中国当代文学步入新时代文学阶段以来,叶梅的散文创作在继续保持高水准的同时,也不断有着新的突破,其中所蕴含的生态意识与借由散文作中国化、本土化的生态书写的写作风格愈加成熟并凸显出来,而且做到了能够更好地借助散文那文学性、艺术性丰沛的内容与形式来予以表现。新时代文学进程中,叶梅出版了多部新作,像新散文集《福道》收录了其30余篇新旧散文,也表现出较为明显的写作转向,既在聚焦推进生态文明建设方面有着显著的用力与探索,又通过散文进一步地展现了生态保护与人民美好生活之间的重要关联。实际上,通过梳理叶梅在《根河之恋》《福道》等散文集中所作的不同层面的生态书写,可以发现叶梅在散文中不仅有着对传统的生态保护意识所作的赓续发展与创新性尝试,还有着对生态人文理念所作的进一步的思考与发展。可以说,叶梅散文在关心民生、体现家国情怀等方面有着更为深层次的艺术探索与文学表达。
一、双线并行交织的生态关怀:
自然与人文
在生态文明建设日益成为社会关注焦点的当下,各行各业的人们都在以不同的形式推进生态保护这项工作,“绿水青山才是金山银山”的科学发展观已成为中国式现代化发展道路的硬道理。叶梅不仅在散文书写中传达出浓厚的生态保护意味,而且也通过发挥散文文体与叙述的优长之处,鲜明而生动地传达着一种自觉的生态保护意识。一直以来叶梅所遵循的散文写作范式,偏于取向传统的路径,是实实在在地结合游历之旅中的真实见闻来记叙与抒发内心的真情实感。这就正如郁达夫的游记一般,兼有着对自然风景的记录和对自然风景所承载的传统、地域等的文化意蕴的传达。叶梅更是乐于将她在一路上所遇到的许许多多的人与事,悉数予以记录。但叶梅并未止步于此,其散文还进一步地呈现面对经济快速发展影响自然环境的问题,是作家自觉所作的生态保护意识层面的探察。这就比以前文人散文当中的写景抒情传统,更具一种当代性。中国古典文人散文游记中,景物通常是作为托物言志、借景抒情的道具而存在,是作为一种寄寓写作者自身情感的“他者”身份而存在,亦即在很多时候它们更多是作为作者内心世界投影对象而存在的一种客体、他者。与其不同的是,叶梅既关注风景背后的自然风物本身,也格外关注生态与自然环境保护的情况。对叶梅来说,哪怕只是庐山上一颗小小的石子所带来的风景,也可与浩渺的庐山形成同构关系,它存在的意义不可或缺。而且,叶梅在散文中尤为注意自然景物的地域性特色,注重自然景物的地域性与文化属性的表现。凭借此,她能够生动地叙写出独属于这一地的“自然风物”。

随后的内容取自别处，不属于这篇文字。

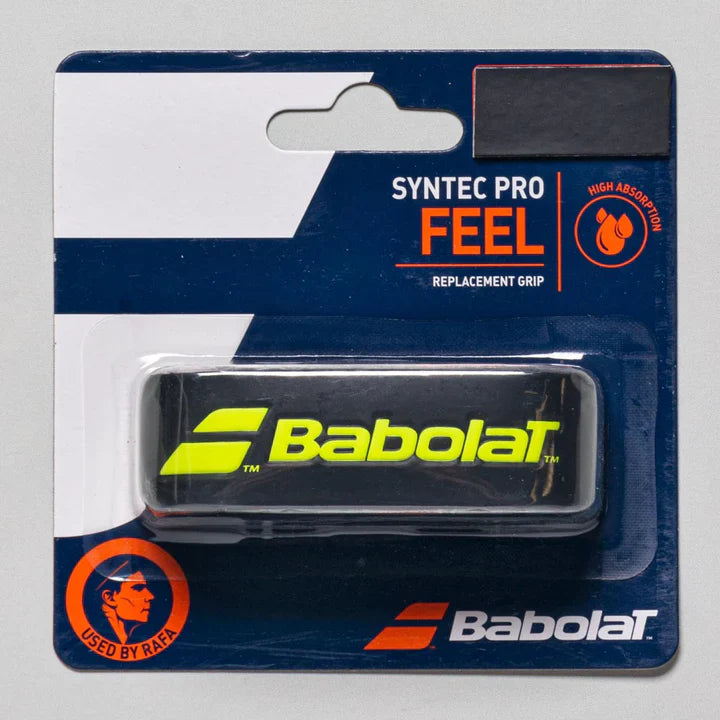 BABOLAT SYNTEC PRO X1 BLACK AND YELLOW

叶梅在散文中所流露的对于自然生命的关切与关注,是立足于一种长远的生态意识和观念,并不仅仅关乎当下的自然保护与个体生存问题。在叶梅散文世界里,自然世界中的生命即便其生命濒危也要令其返归自然,与自然融于一体。在《一条鱼的回眸及其它》中,“我”在宁波旅游时垂钓钓得一条小鱼。面对这条在“我”掌心里的、好几处鳞片都已掉落的小鱼,“我”不禁浮想联翩,其中也隐含着对过度捕捞所引发问题的担忧。面对旁人所说“放了它也会死的”,“我”却认为“那更要放了它”1。此处叶梅的所思所想,与自古至今都始终存在的建基于怜悯与福报观念的放生观,有着很大的不同。其实,叶梅将鱼儿放归于河流中,是为了让鱼儿重新回归自然,无论它是生是死,鱼儿的生命都将重新纳入一种自然界的生命体系当中,即让鱼儿回归本该属于它的那看似无情却又恒久不息的自然界生命循环过程当中。怀有这样悲悯情怀的散文家,恐再也不会将鱼儿钓起、令它陷入生死难测的境地。叶梅此举,貌似也是在“放生”,实则折射与传达出的是当代知识者的生态观念意识与散文文化内涵。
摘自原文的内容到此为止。